日帝が数多くの韓国史料を略奪·換作しながら「三国史記」と「朝鮮王朝実録」をまともに置いておいた理由も気になる。一言で、中国に対する朝貢の歴史が溢れていたためだ。これらの史書は伝統の中華史観を忠実に反映した書籍で日本の植民地史観の確立に重要な典拠として活用された。

今、我々は中華史観と植民地史観が混在する歴史認識を経験している。「私を忘れた[忘我]の時代に生き、嬉々とした時代、これが独立の時代を生きる我々の自画像だ。「伝統の時代(中華史観)→植民の時代(日本の植民地史観)→独立の時代」「忘我史観」というどんな時期にも、われわれのアイデンティティは中心部(国家)とかけ離れていた。

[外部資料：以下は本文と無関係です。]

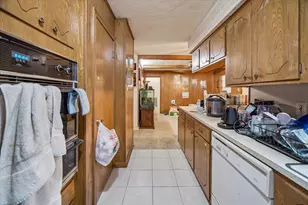 9727 Blankenship Dr, Houston, TX 77080 - Photo 3
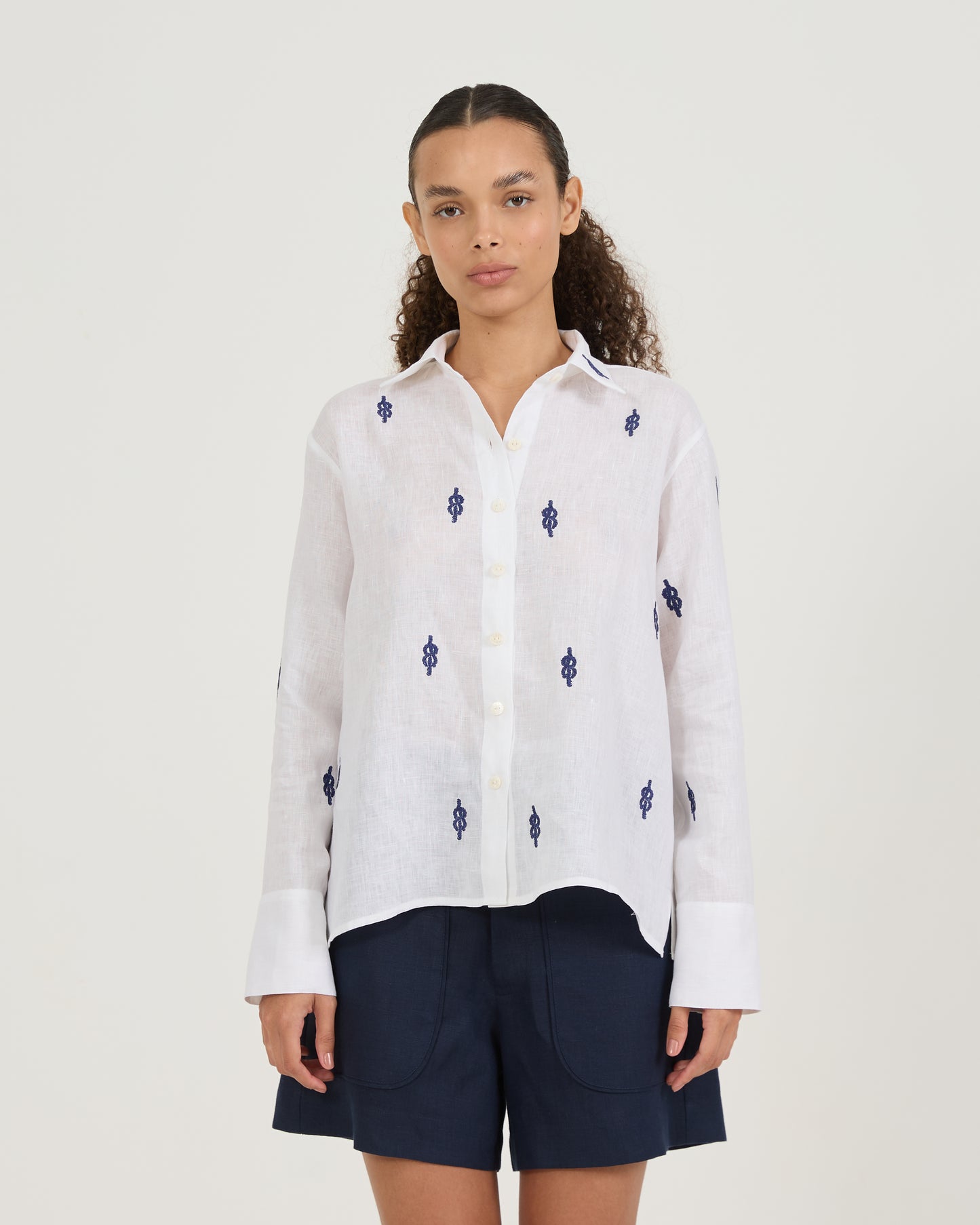Camisa Bolsos Bordada Nó Mar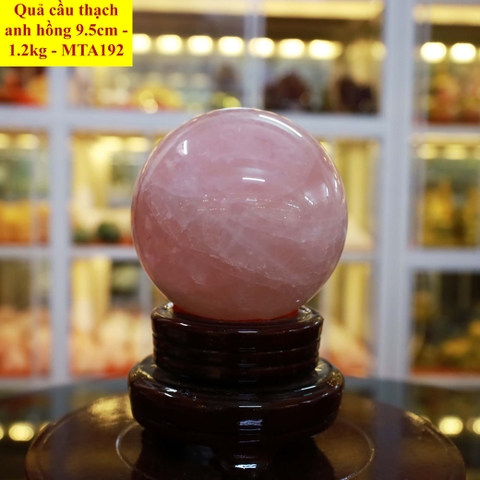 Quả cầu thạch anh hồng tự nhiên ĐK 9.5cm - 1.2kg - MTA192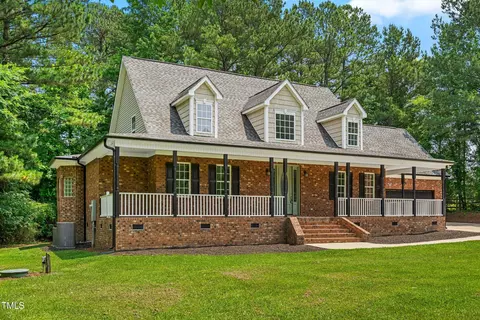 2015 Saddlebrook Dr, Archer Lodge, NC 27527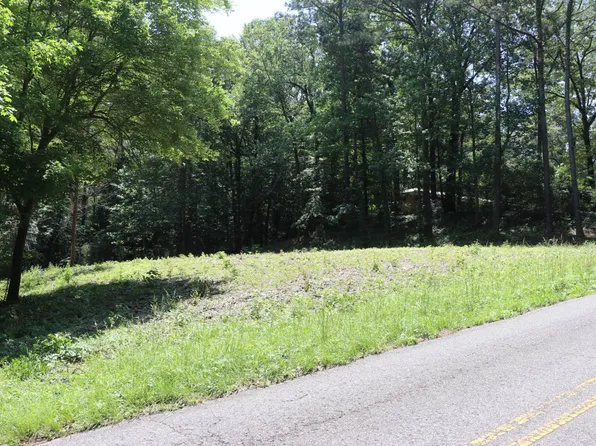 5005 Northwood Lake Dr E, Northport, AL 35473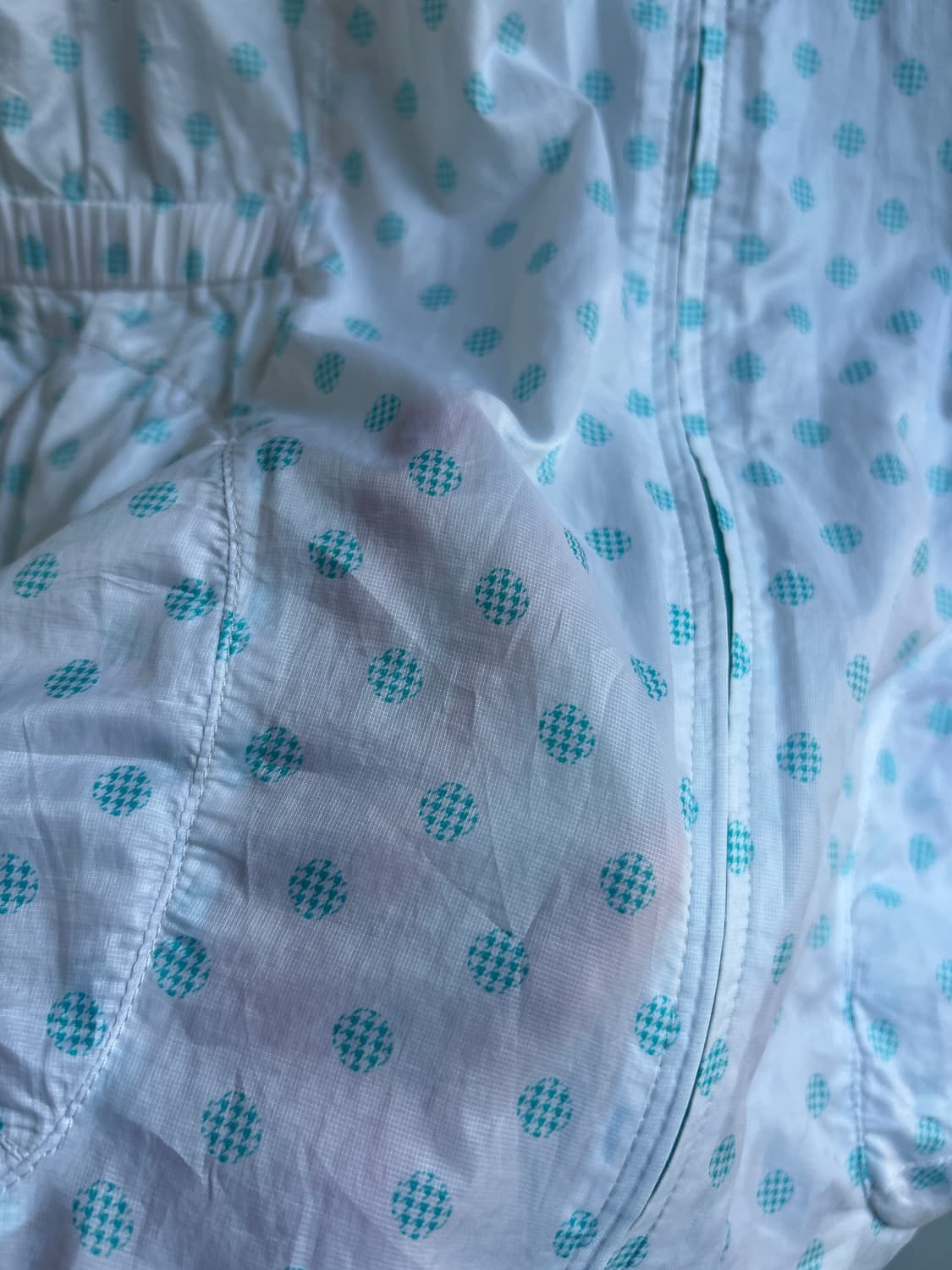 몽벨 땡땡이 바람막이  상품이미지4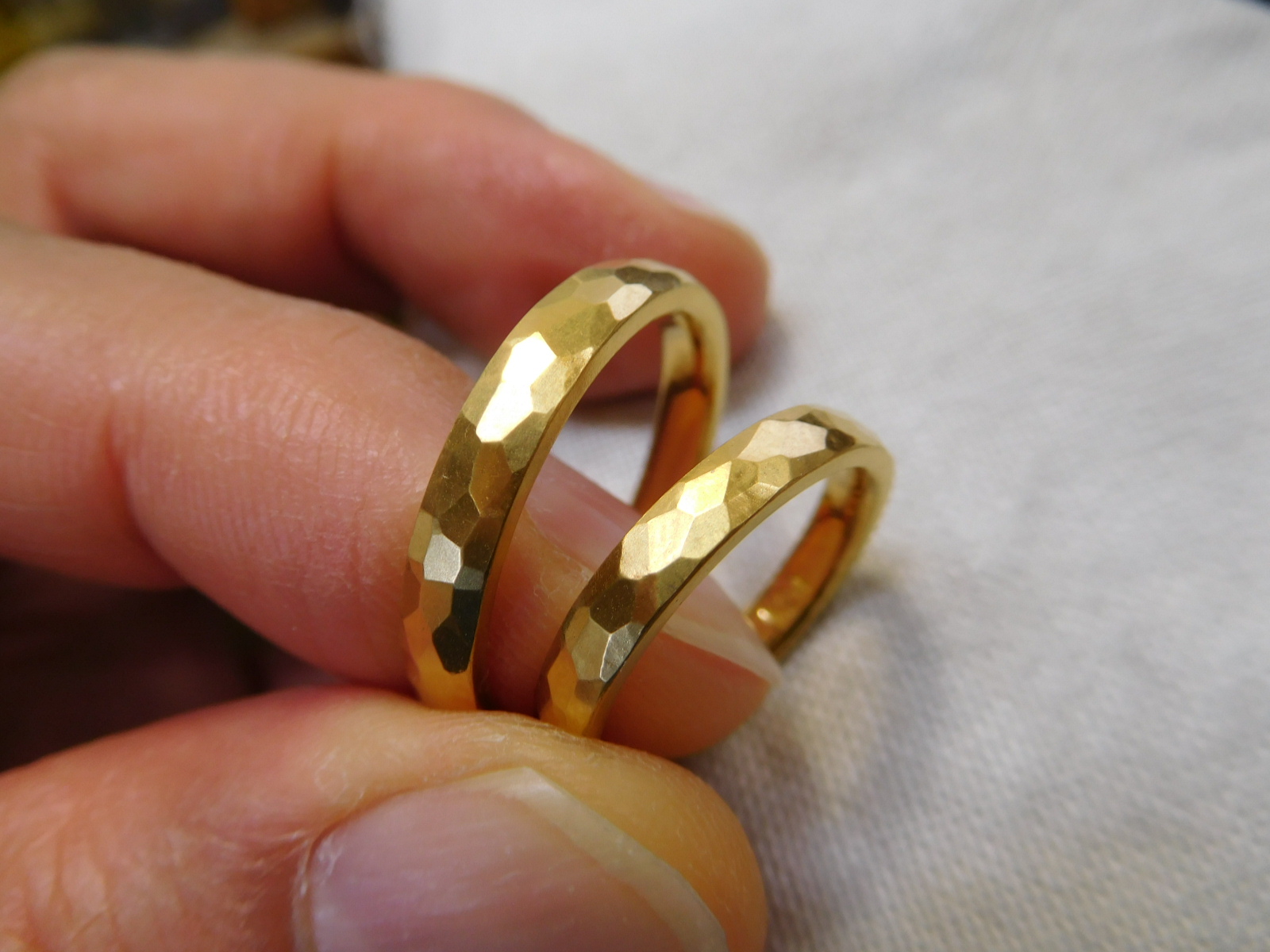 結婚指輪 槌目 安い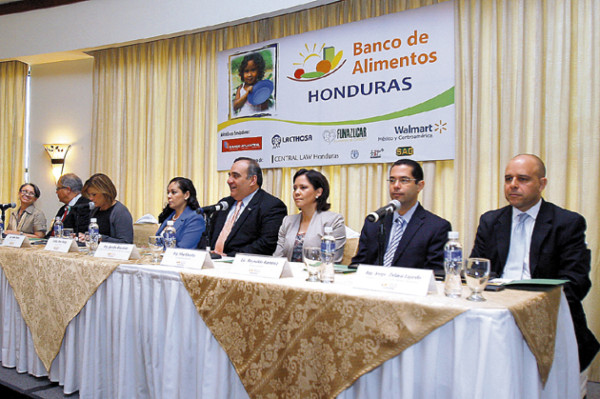 Anuncian banco de alimentos para ayudar a los pobres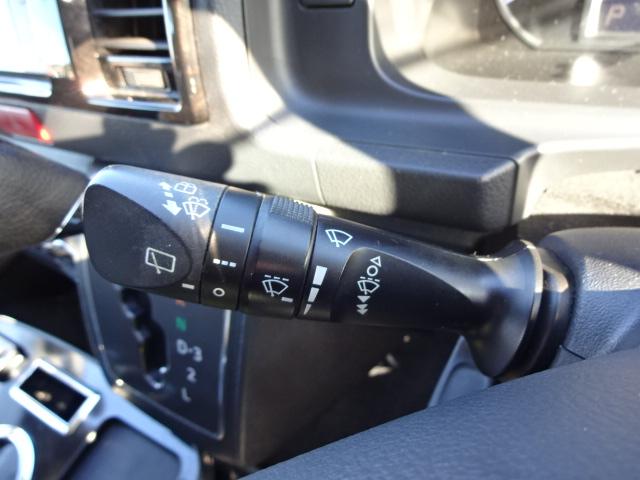 ハイエースバン スーパーＧＬ　ダークプライム　・エアロ・両側パワスラ・純正ナビ・フリップダウンモニター・Ｂカメラ・フルセグＴＶ・ＬＥＤヘッド＋フォグ・ミラー型ドラレコ前後２カメラ・ナビ連動ビルトインＥＴＣ・ファブレスアルミ１８インチ（ＪＷＬ－Ｔ）（30枚目）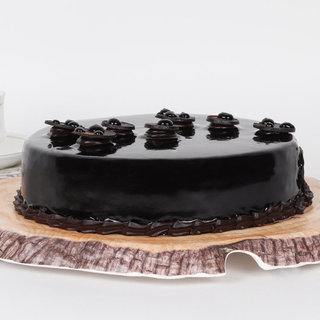 Enticing Dark Chocolate Cake
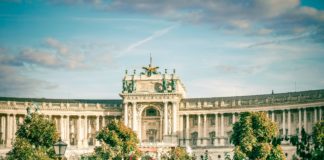 (C) Unsplash: Der Weltkongress der Chirurgie findet in der Wiener Hofburg statt.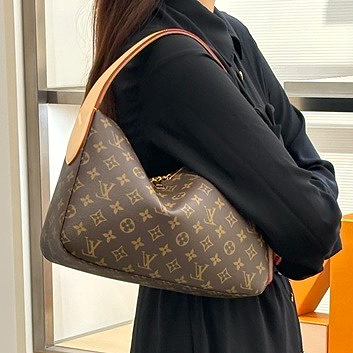  루이비통 슬라우치 PM 모노그램 여자 명품 숄더백 추천
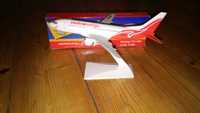 Model samolotu 1:200 Boeing 737 CentralWings Lot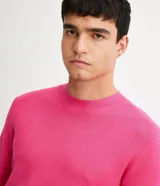 Suéter de viscosa texturizada color fucsia, de corte slim, cuello redondo y mangas largas con puños ajustados.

今回の韓服事態当時、一部の外国人が韓服を着て大韓民国の肩を持ったということで興奮した人もいる。これに対して「国際社会が我々の味方だ」と騒ぐ人も少なくなかった。しかし勘違いしてはいけない。それはただ彼らの嗜好に過ぎずこの世のどこにも私たちに代わってくれる集団(国家)や知識人はいない。

(後略)



統一ニュース「모든 것은 우리 탓이다(すべて私たちのせいだ)」より一部抜粋

「自分で自分を評価しないのに誰が認めるだろうか」、ある意味そうだと思います。
それと同時に、韓国人は自分を評価する時に他人と比べてどうか、他人を貶めて自分の価値を高める...だから軋轢を生むんだろうとも思います。

 

日帝が数多くの韓国史料を略奪·換作しながら〜」この主張はよく見かけますけれど、具体的に何が「略奪・換作」されたのかは見かけません。逆に、イザベラ・バードさんを始め、朝鮮後期や併合初期に朝鮮の歴史を研究しようとしていた人たちの著作(「朝鮮史の栞」など)の中に「びっくりするくらい何も資料が残ってないので大変」という話はちょくちょく出てきます。

アイデンティティが国家とかけ離れていた、という点ですが、これは「理想の自分」と「現実の自分」が違ったってことでしょう。
なんか思春期拗らせちゃったみたいな話に落ち着きましたが...この書き手が言う「誰も私たちに代わってくれる集団(国家)や知識人はいない」というのはつまり「自主性を持て」ということであり、確かにこれは朝鮮の歴史に欠落していることであり、大事な視点だと思います。

*1:原文「핫바지 방귀」。ひっそり消える比喩に使われる。